Mr Loughton said: “While sepsis is a condition which may not hit the headlines, it is deadly.

“It is a little known life threatening illness that claims the lives of 44,000 people in the UK every year, including 1,000 children.

“If timely interventions proposed by the UK Sepsis Trust were adopted across the NHS it could save up to 12,500 lives a year and the NHS money.

“I was keen to show my support for efforts to tackle the disease and save lives. I want to see sepsis viewed as a medical emergency and have a higher profile among medical professionals and the public.

“The easiest and most of effective way of doing this is the government committing to a dedicated public awareness campaign for the general population.”
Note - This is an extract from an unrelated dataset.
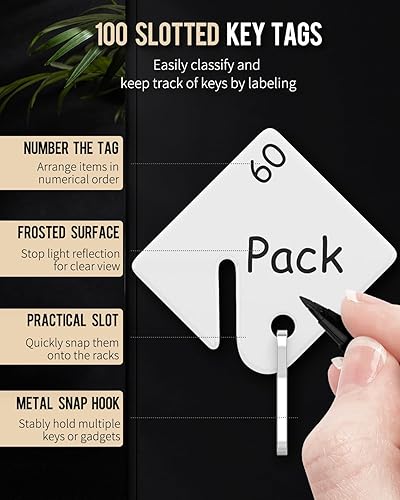 Miniatura 3 de Uniclife Gabinete de llaves ranurado de 100 posiciones con combinación y cerradura de llave reiniciable, caja de almacenamiento de seguridad digital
Ron Daniels, chief executive of the UK Sepsis Trust, added: “We hope that the event will allow MPs to learn more about sepsis and take the message back to their colleagues and constituents.

“An awareness campaign is something we’ve been calling for a long time. It is an absolute necessity that this campaign is dedicated on sepsis and aimed at a both adults and children.

“A campaign of course is only a part of what is needed. We need to make sure that healthcare professional education is robust and is mandated.

“We need to have a better measure of outcomes and we have to have some resources available that reward excellent care.”

The UK Sepsis Trust, founded in 2010, brings together leading experts, health professionals, survivors and the bereaved to both raise public and professional awareness of sepsis and to provide support for those affected by the condition.